*Exercise instructions:*
All that should come back is the lines of the data below from the one containing "Champion Biker Glass" to the one containing "Bread maker showing non-stick ceramic pan", inclusive, exactly as they stand.

*Supplied records:*
▼
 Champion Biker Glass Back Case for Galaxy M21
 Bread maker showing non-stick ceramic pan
▲
▼
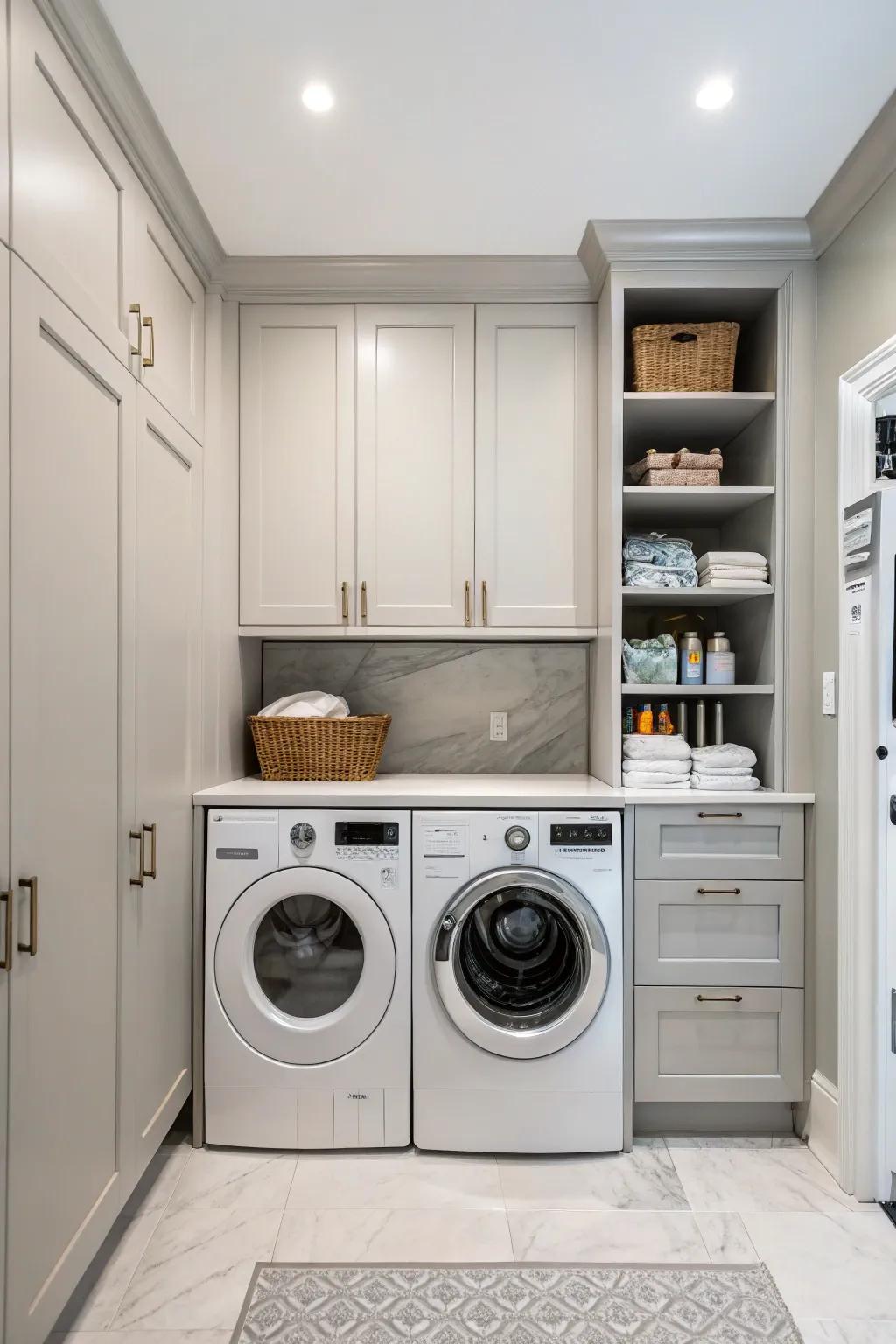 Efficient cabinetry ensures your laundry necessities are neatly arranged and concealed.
▲
▼
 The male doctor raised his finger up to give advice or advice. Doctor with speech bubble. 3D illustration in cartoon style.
▲
*Result for this task:*
 Champion Biker Glass Back Case for Galaxy M21
 Bread maker showing non-stick ceramic pan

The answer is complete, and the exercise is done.